The Second Circuit was the first to apply dual motivation analysis to a Batson challenge. In Howard, v. Senkowski,26 the prosecutor conceded that race had been a factor in his peremptory challenge to the panel’s only two black members,27 but he said that race had not been an overriding or a major factor.28 The defendant countered that the prosecutor’s race-neutral justifications were pretextual, but the trial judge disagreed, stating that race had been “part of a totality of factors” for the prosecutor’s challenges, but that the prosecutor had also articulated neutral explanations which were not pretextual. The trial court concluded that the defendant had failed “to establish purposeful discrimination.” 29 The Second Circuit held that dual motivation analysis applies to Batson claims and remanded the case to the district court to decide whether the prosecutor would have exercised the peremptory challenge anyway, for solely race-neutral reasons.
In deciding that the dual motivation defense applies, the Second Circuit looked to the Supreme Court’s pre-Batson equal protection cases, including Washington v. Davis,30 Village of Arlington Heights v. Metropolitan Housing Development Corp,31 and Mt. Healthy City School Board of Education v. Doyle.32 In those earlier equal protection discrimination cases, the Supreme Court articulated several guiding principles:
1) Racial discrimination under the Equal Protection Clause requires “a racially discriminatory purpose”; racially “disproportionate impact” will not suffice.33
2) A plaintiff need not prove that the challenged action rested solely on ra-[251]*251dally discriminatory purposes; rather the test is whether “a discriminatory purpose has been a motivating factor in the decision.”34
3) If the plaintiff shows that a discriminatory purpose motivated a decision in part, the defendant then bears the burden of establishing that he would have made the same decision if the discriminatory purpose had not been considered or had not existed.35
C. Batson Applies Even When the Litigant’s Peremptory Strike is Not Motivated “Solely” By a Discriminatory Purpose.
The Howard court noted the Supreme Court’s statement in Batson that “the Equal Protection Clause forbids the prosecutor to challenge potential jurors solely on account of their race or on the assumption that black jurors as a group will be unable impartially to consider the State’s case against a black defendant.”36 The Second Circuit wondered whether the Supreme Court’s use of “solely” in this sentence implied that only when a peremptory challenge was based wholly on an improper purpose did the litigant act unconstitutionally.37 The State, in this case, similarly suggests that perhaps Batson applies only when a peremptory strike is based “solely” on race. The Second Circuit rejected that interpretation, as do we.

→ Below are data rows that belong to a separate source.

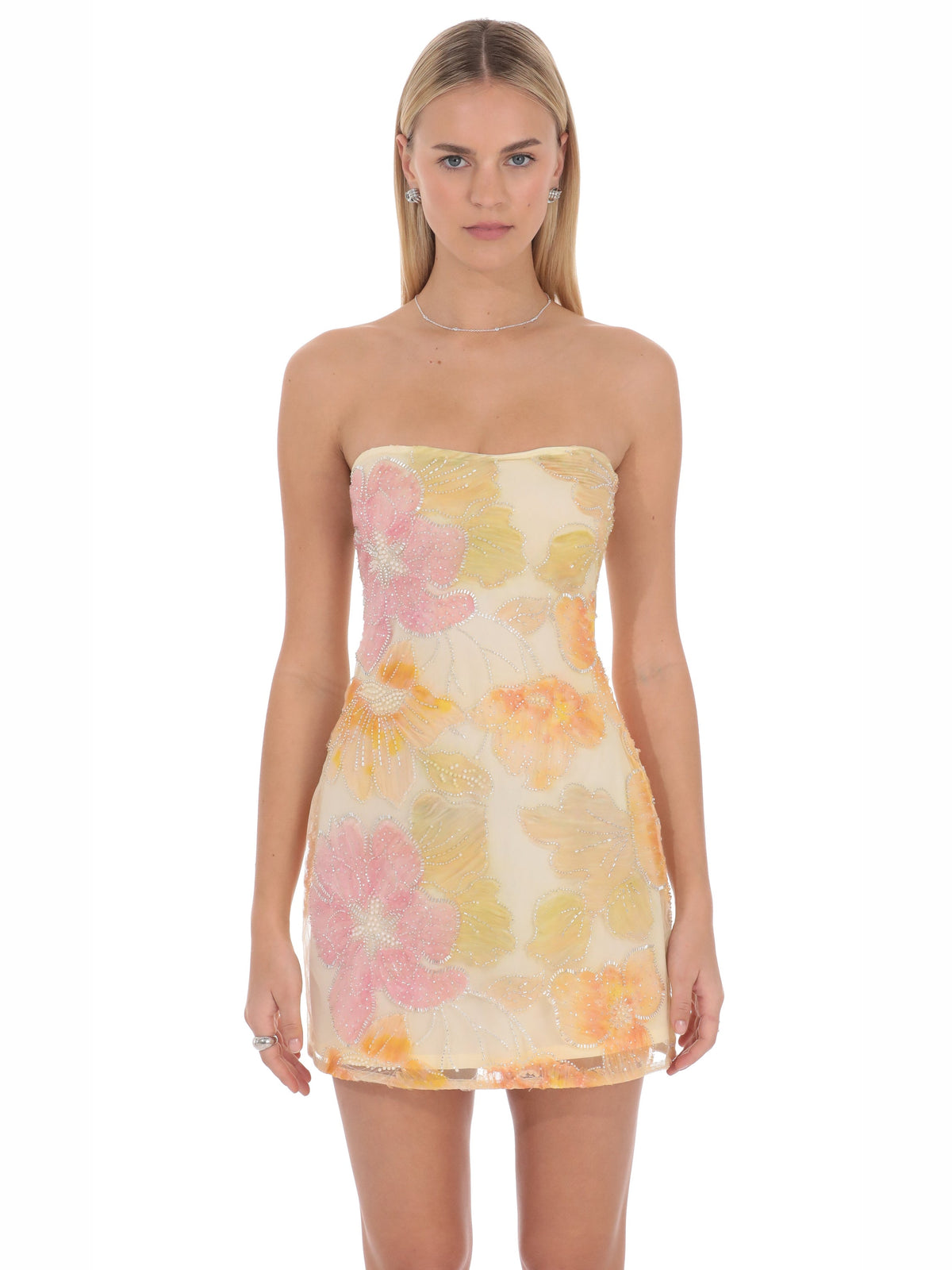 Cream homecoming dress with structured woven fabric construction and mini hem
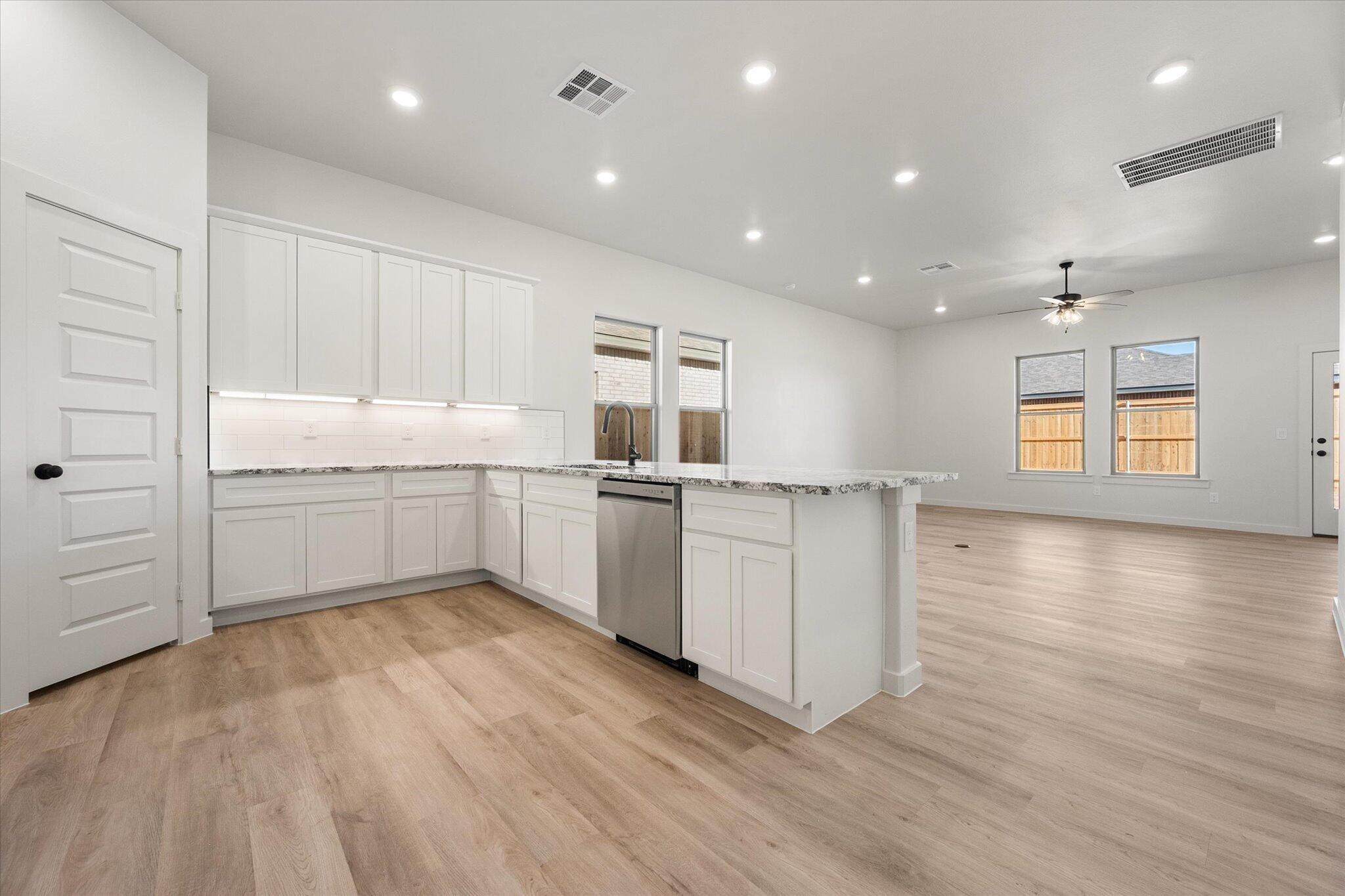 6927 53rd Street Lubbock, TX 79407 - Photo 7 of 21 a kitchen with a sink wooden floor and window
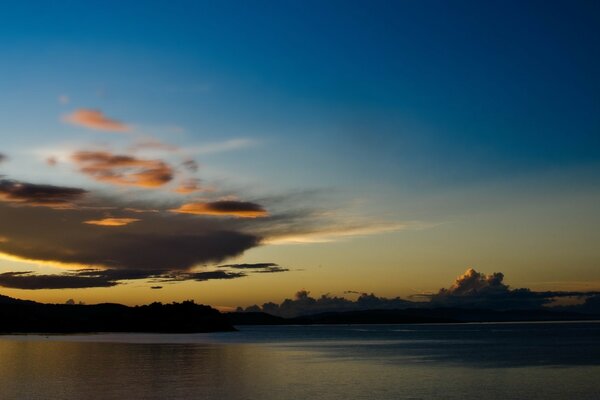 Cumulus clouds against a turquoise sky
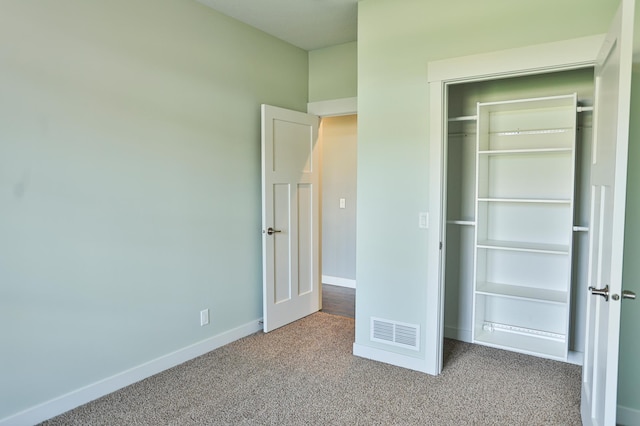 203 Walnut Hill Way, Troy Twp, WI 54022 - unfurnished bedroom with visible vents, baseboards, carpet floors, and a closet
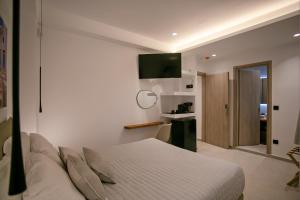 a white bedroom with a bed and a kitchen at Mykonos Windmills View in Megali Ammos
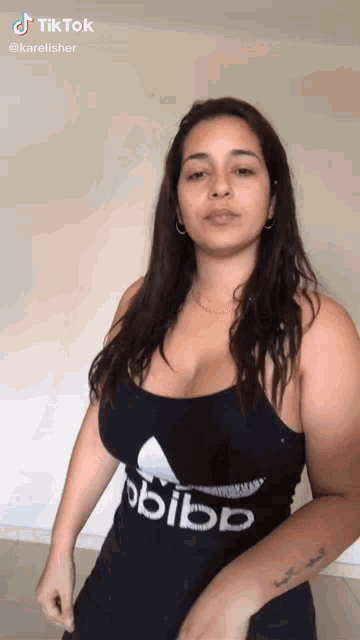 a woman with a tattoo on her arm is wearing a black adidas tank top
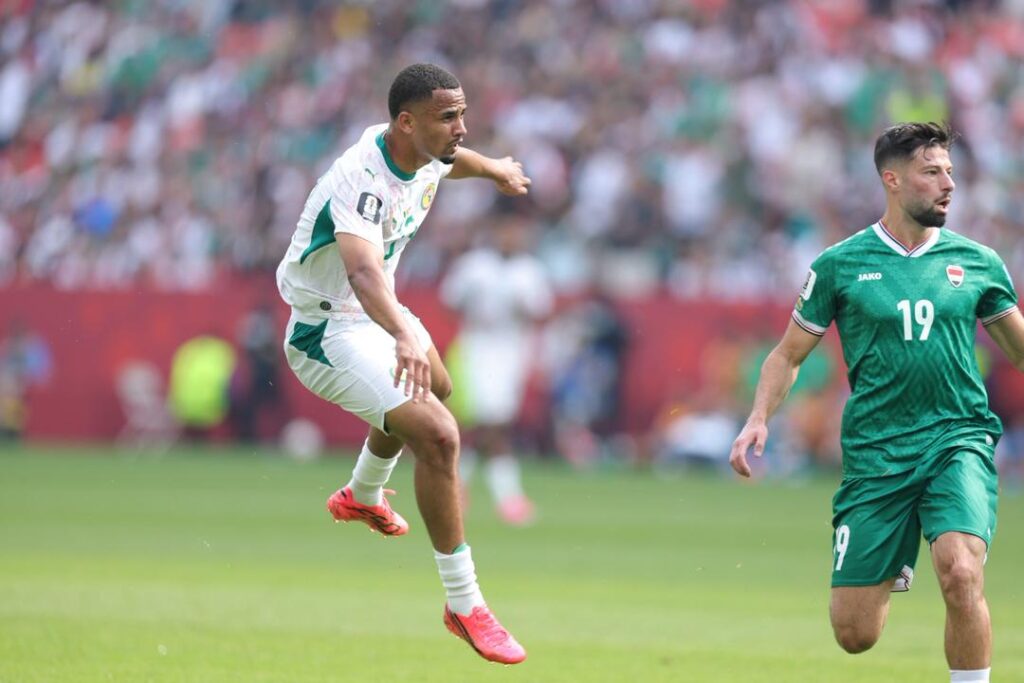 Iliman Ndiaye Trybal News Senegal forward Iliman Ndiaye 13 in a white away kit with green side panels and bright pink cleats is airborne leaping to shoot the ball Iraq defender 19 in a green home kit with white number 19 runs in close pursuit on the right 2026 FIFA World Cup First Stage Group I match between Senegal and Iraq on June 26 2026 at Toronto Stadium also known as BMO Field in Toronto Ontario Canada A blurred crowd in the stands and red advertising hoarding are in the background trybalnews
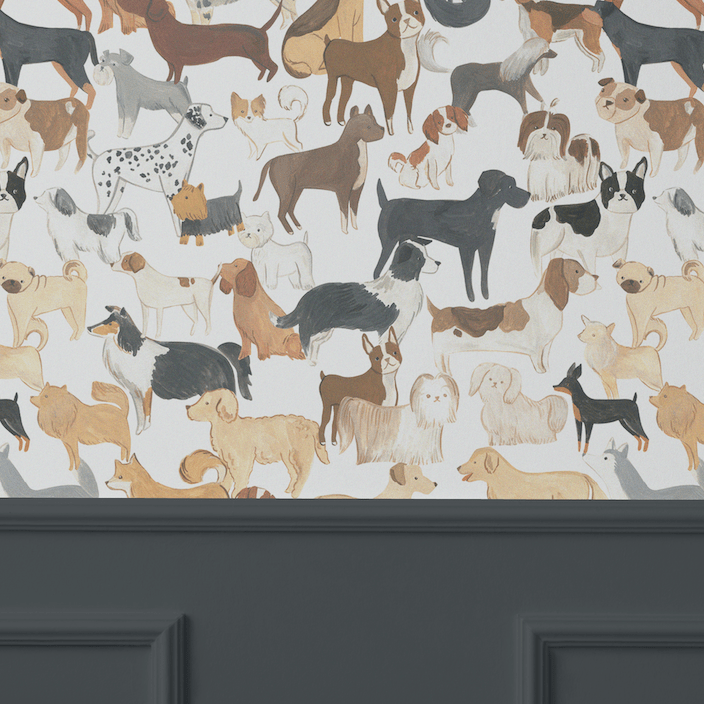 An elegant room with dark grey paneling halfway up the wall, topped with wallpaper displaying a lively assortment of painted dog illustrations in a repeat pattern.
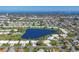 Wide aerial shot of the community, featuring the pond, landscaping, and overall neighborhood layout at 6418 13Th Avenue W Dr # 6418, Bradenton, FL 34209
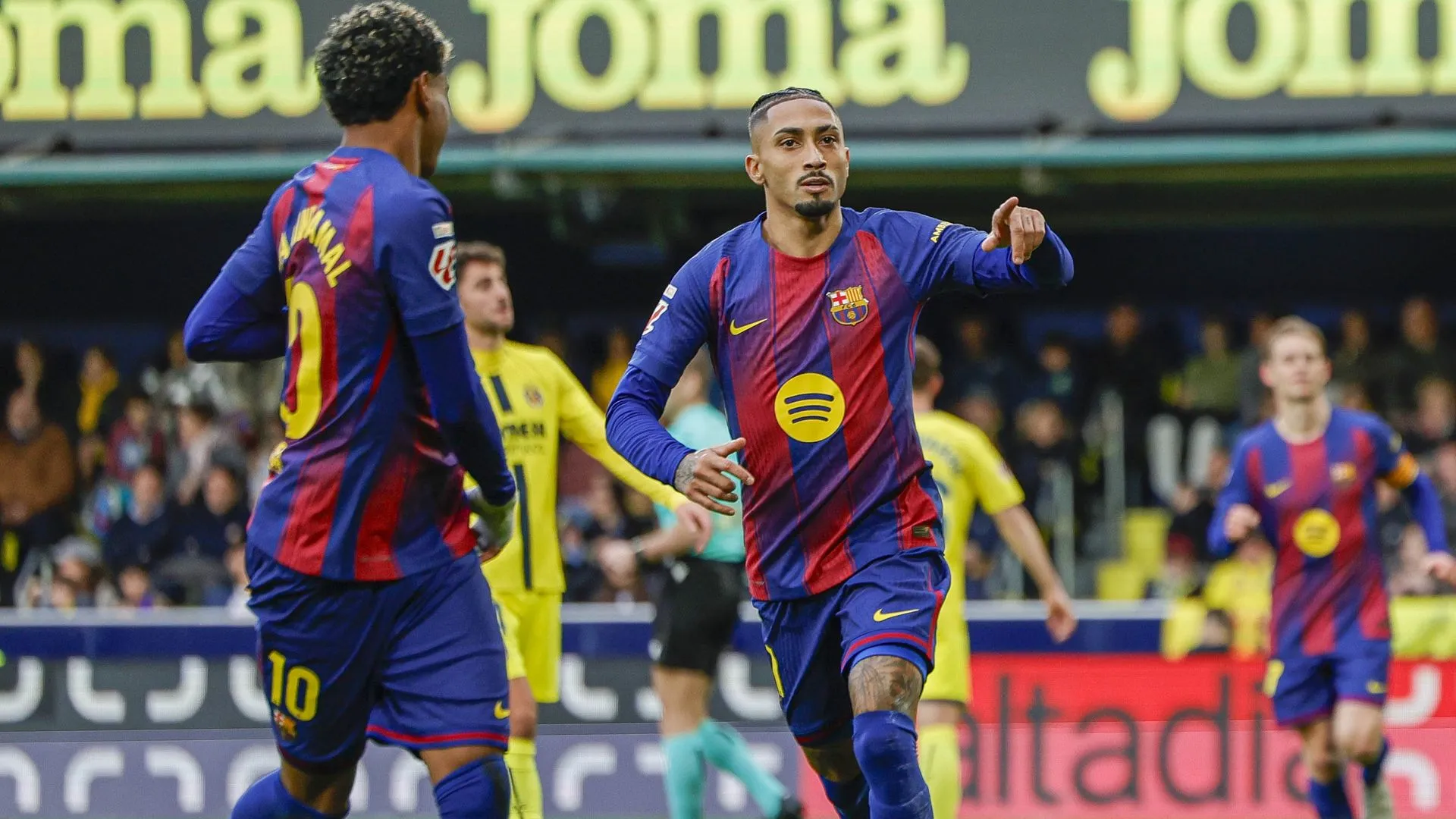 Raphinha y Lamine Yamal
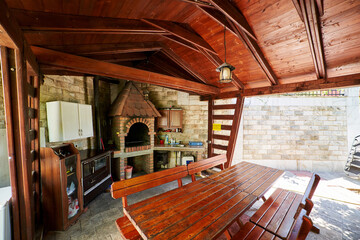 Wooden gazebo with tables and benches near the barbecue oven and kitchen cabinets on the wall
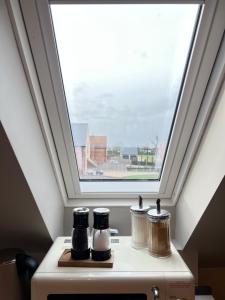 a skylight in a kitchen with a window at Entire Loft Space in quiet village near Roman City of Lincoln in Lincoln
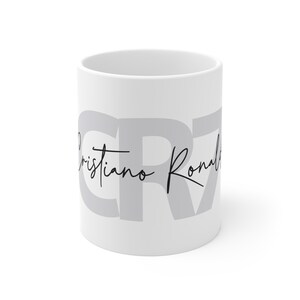 May include: White ceramic mug with the letters "CR7" in gray and the text "Cristiano Ronaldo" in black cursive.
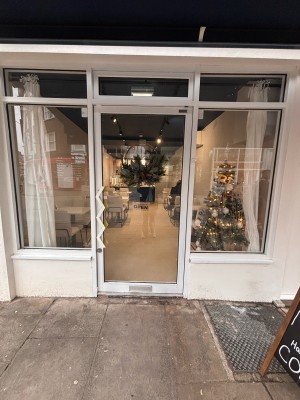 Glass door with white door frame ahead. Push white handle at left to open.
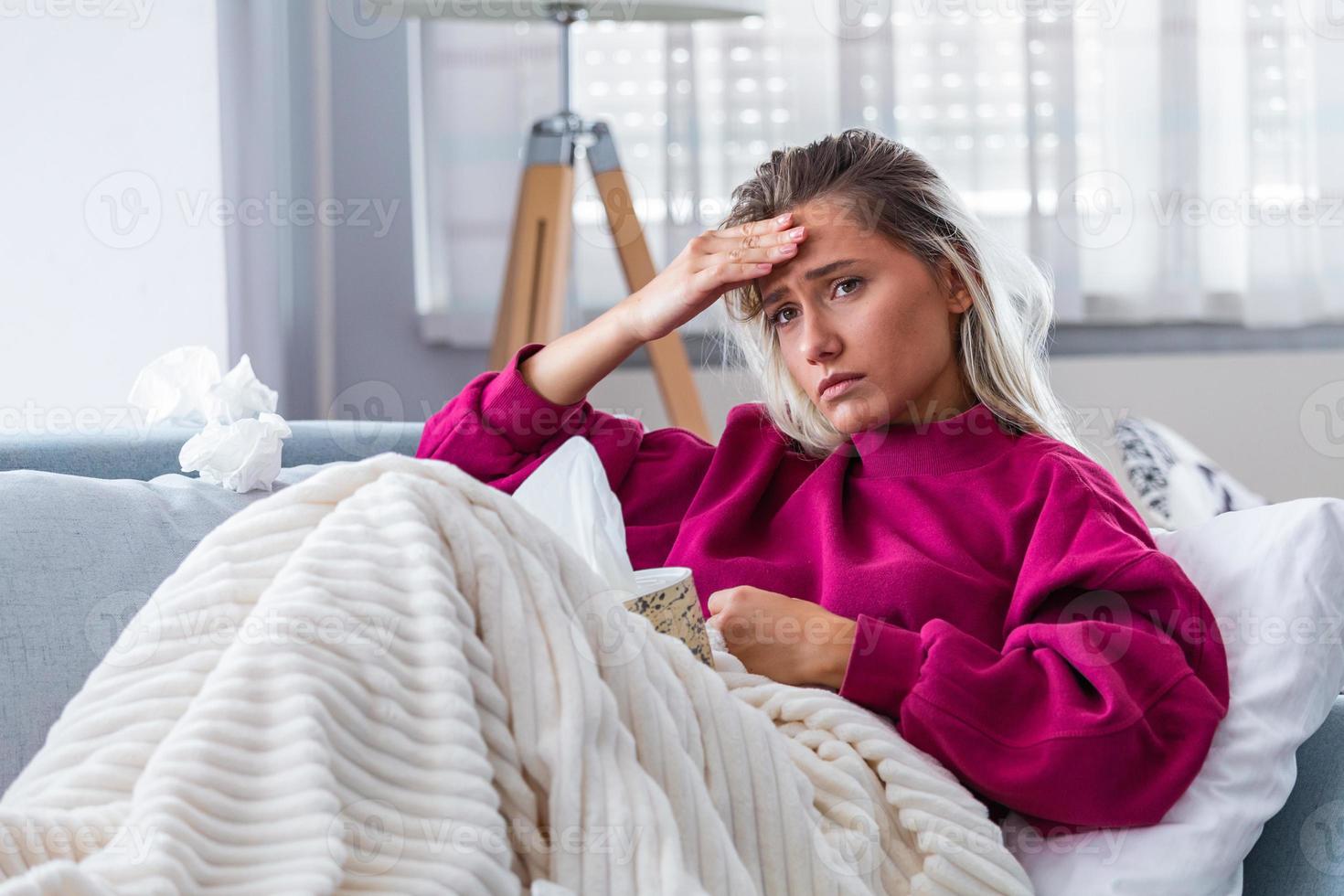 Sick woman with headache sitting under the blanket. Sick woman with seasonal infections, flu, allergy lying in bed. Sick woman covered with a blanket lying in bed with high fever and a flu, resting. photo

In Howard, the Second Circuit concluded that the Supreme Court did not intend such a reading of Batson or its progeny; rather, the Court must have intended a wholesale importation of its equal protection jurisprudence into the arena of peremptory challenges.38 The Howard [252]*252Court thus held that the dual motivation principle applies to resolution of Batson challenges and remanded the case for consideration of that principle.39 So far, four other circuits have agreed: the Fourth,40 Eighth,41 Eleventh,42 and the [253]*253Third.43 No circuit has disagreed.44 Neither do we. We, like the federal circuit courts before us, adopt the dual motivation or “mixed motives” doctrine. Under this doctrine, if the opponent of a peremptory strike makes a prima facie showing of [254]*254discriminatory purpose, the strike’s proponent must demonstrate that he would have exercised the peremptory strike even if the improper factor had not existed or contributed to the decision to strike the prospective juror. The trial court then determines whether the opponent has carried his burden in proving purposeful discrimination.
III.
Under normal circumstances, we would now consider whether, under the dual motivation analysis, the trial court’s ruling was “clearly erroneous.”45 To determine whether the factfinder’s decision is “clearly erroneous,” appellate courts examine the record to see whether the ruling leaves them with the “definite and firm conviction that a mistake has been committed.” 46
In the present case, however, the trial court did not make an explicit finding that the prosecutor offered sufficient neutral reasons to meet his burden of proof, by a preponderance of the evidence, that he would have peremptorily struck juror number 17 even if the improper factor of gender had not existed or contributed to his decision. Here, the defendant’s original challenge was based upon possible racial discrimination. In response, the prosecutor articulated several different reasons for striking juror number 17:
1. He was single;
2. He was male;
3. He had no children; and
4. He “fell asleep or shut his eyes for long extended periods of time.”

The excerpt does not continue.